Постепенно складывается ситуация возможности воспроизведения «модели ИГИЛ» экстремистскими группировками в Центральной Азии – а именно бросок с территории Афганистана в соседние республики для создания в регионе халифата и захвата/дестабилизации районов с нефтяными и газовыми ресурсами.

Выходцев из стран СНГ, по часто приводимым оценкам, на территории Афганистана и Пакистана около 4-5 тысяч (по данным РАТС ШОС, озвученным на последнем саммите в Уфе, 2 тысячи выходцев из стран Шанхайской организации сейчас воюет под знаменами «ИГ»). Часть из «афганских интернационалистов» еще в 2013 г. переместилась на афганский север. Есть отряды в Талукане, Кундузе и в афганском Бадахшане. Значительные группы сосредоточены вблизи Туркмении в Фарьябе, Бадгисе и Джаузджане.

При этом, если в Кундузе, Талукане и афганском Бадахшане имеется пока только стратегическое нависание и угрозы таджико-афганским границам, то в Фарьябе в течение 2014 и текущего года отмечается рост боестолкновений на границе с Туркменией, очень напоминающий прощупывание границы и поиск удобных направлений для серьезных ударов. Туркменские оппозиционные ресурсы на днях даже «нарисовали» детальную схему будущего «котла» в котором экстремисты, придя из Афганистана, со дня на день похоронят бОльшую часть всей туркменской армии.

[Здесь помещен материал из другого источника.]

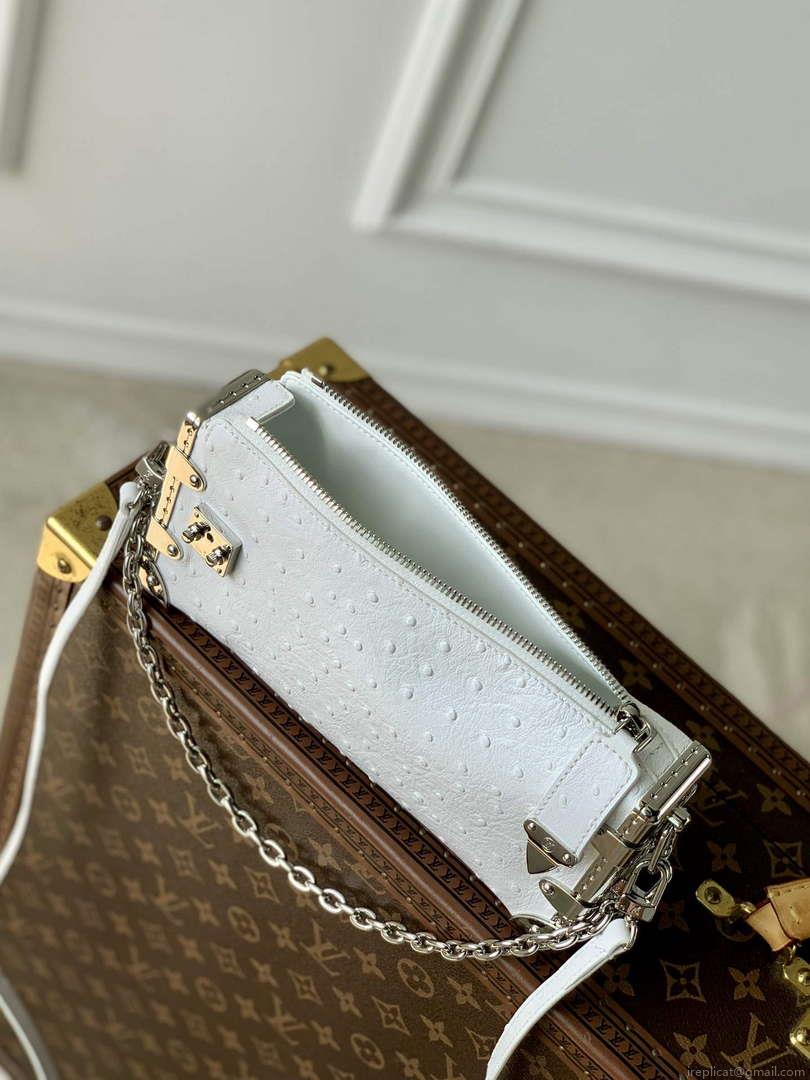 LV M25445 Louis Vuitton Slim Trunk Bag Ostrich Pattern White
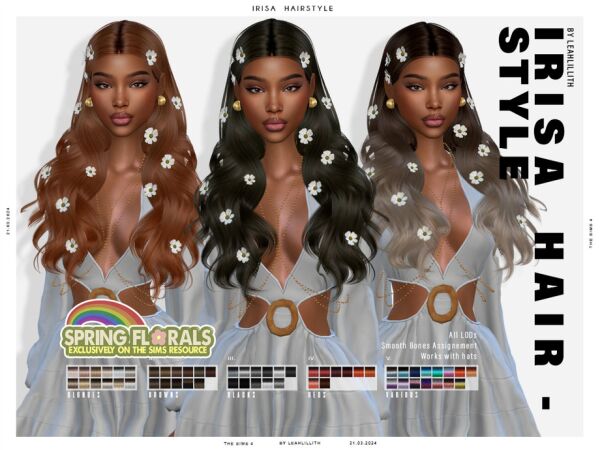 Irisa Hairstyle by LeahLilith 1 Irisa Hairstyle by LeahLilith Sims 4 CC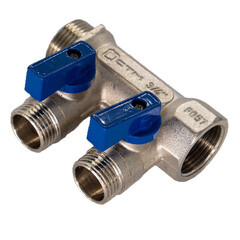 Изображение товара Коллектор СТМ 3/4 ВР(г) х 2 выхода 1/2 НР(ш) х 3/4 НР(ш) с шаровыми кранами (C2MB3412)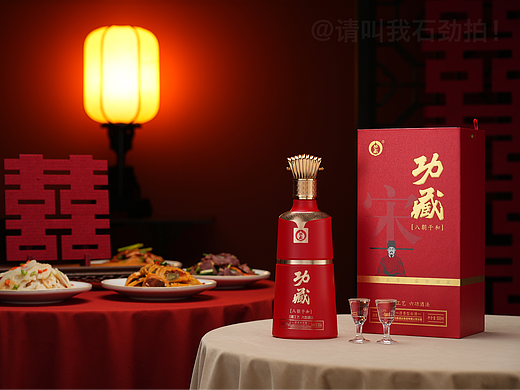 【白酒的喜宴场景拍摄】功藏酒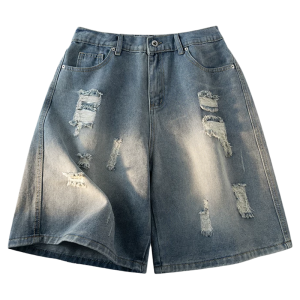 OUMULONG | Quần Short Jean Xanh Ripped Cổ Điển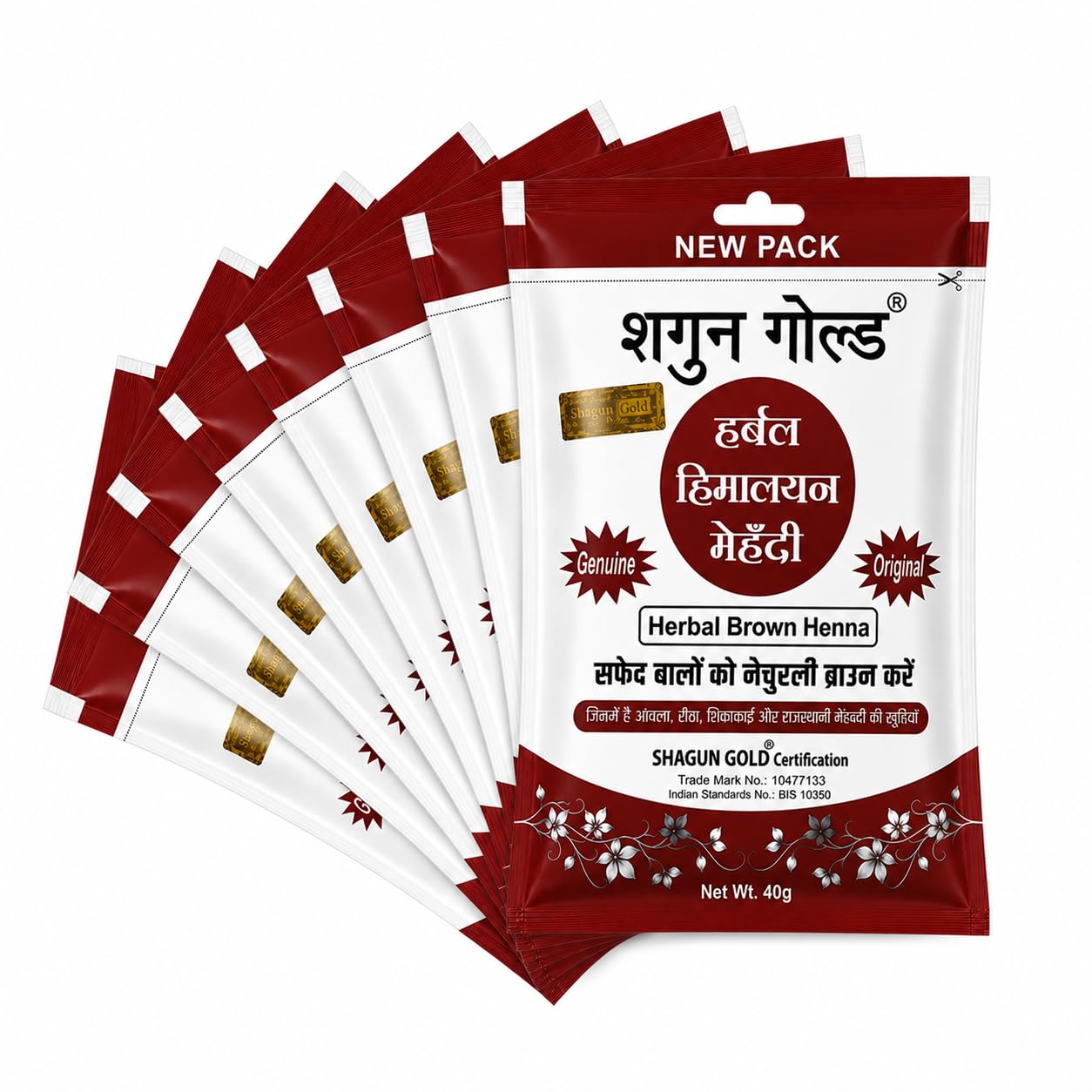Shagun Gold Himalayan Herbal Mehandi Hair Colour || Ayurvedic Herbal Mehndi Powder For Grey Hair Coverage || Natural Brown Hair Dye for Men & Women || Strengthening & Conditioning Formula || Brown (40g - Pack of 8)-image-2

Возможности банд «исламистского интернационала» проводить войсковые операции на окружение пока смотрятся сомнительными, но факт остается фактом: Туркмения впервые за годы независимости оказывается под ударом и глава страны целый год занят поиском мировых центров, способных защитить Ашхабад. Особых успехов этот поиск пока не принес и в стране судорожно пытаются усилить боеспособность своих ВС через покупку наемников, набор резервистов и массированный призыв всех достигших 18 лет.

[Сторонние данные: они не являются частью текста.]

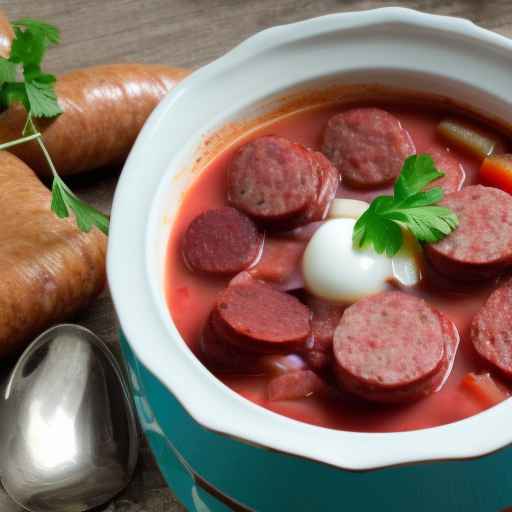 Hungarian Borscht with Smoked Sausage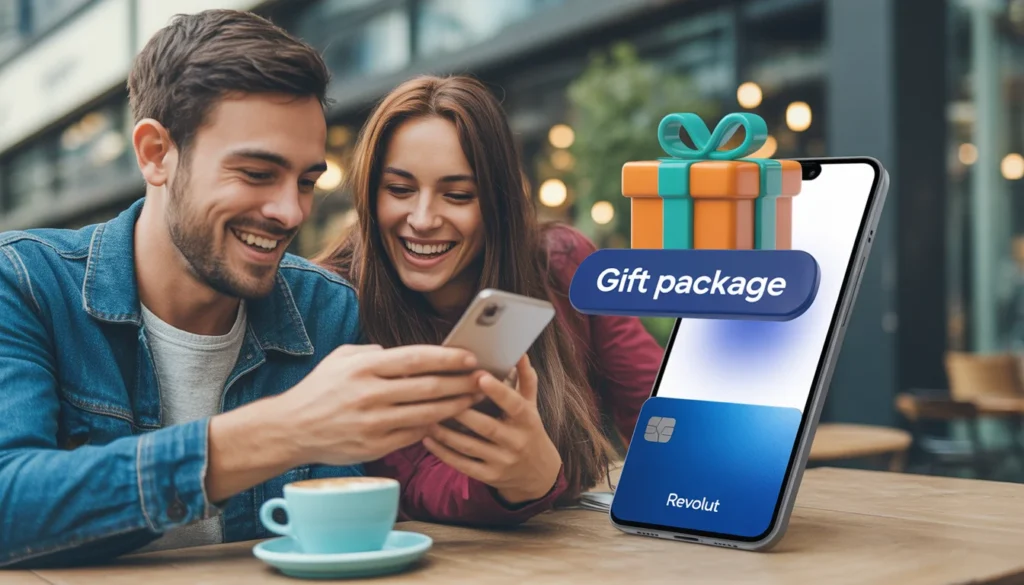 Recensione Revolut 2026: È ancora la Migliore App per Gestire il Tuo Denaro? (Guida e Bonus) Due amici ridono guardando l'app Revolut in un caffè, con un'icona 3D di un pacco regalo che indica un bonus in denaro.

Относительно Таджикистана, события 2012 года показали, что пограничных войск в стране практически нет. Положение спасает 201-я база, и сохраняется необходимость восстановления прежней советской границы с Афганистаном. Насколько быстро решится этот вопрос не ясно – много таджикских элитариев заинтересованы в консервации сегодняшнего состояния «дырявой» афгано-таджикской границы.

Для нестабильной Киргизии ситуация вероятного внешнего вторжения накладывается на опыт двух «Баткенских войн». Они показали, что даже 150-200 боевиков способны резко дестабилизировать обстановку в республике и вокруг нее. Повторение сценариев 1999 и 2000 гг. не обязательно, но этот вариант Бишкеку стоит серьезно учитывать. Особенно, в преддверии назначенных на осень парламентских выборов. Именно электоральный период традиционно создает в «эпоху ЦТ» «окно уязвимости» для любого государства.

В Узбекистане особую угрозу политическому режиму на протяжении многих лет также несут радикальные исламистские движения. Удерживать ситуацию под контролем правящему режиму удается лишь благодаря системе контроля со стороны МВД и СНБ. Однако, социально-экономический кризис, с каждым годом объективно снижает возможности силового подавления общественного протеста (во главе которого, в силу исторических и культурно-цивилизационных особенностей находятся силы использующие исламскую риторику).

Ситуация особенно усугубляется «демографическим взрывом» перенаселения. Республика за последние 20 лет удвоила численность жителей. Узбекистану катастрофически не хватает земельных и водных ресурсов, следствием чего служит перманентное обострение продовольственной проблемы. Следует добавить, что в Ферганской и Зерафшанской долинах средняя плотность населения достигает 500-600, человек на кв. км. Сегодня темпы прироста населения в Узбекистане одни из самых высоких в мире: ежегодный естественный прирост - около 700 тыс. человек. При этом 70% населения страны - молодежь до 25 лет, а примерно половина жителей не достигла 18 лет – просто идеальные (как в странах «арабской весны») пропорции для «цветной революции».

В заключении стоит указать на то, что мало кто из российских и центральноазиатских экспертов сейчас спорит с утверждением о том, что «постмайданный период» сулит активизацию основных факторов дестабилизации в государствах Центральной Азии, их усиление с каждым прошедшим месяцем.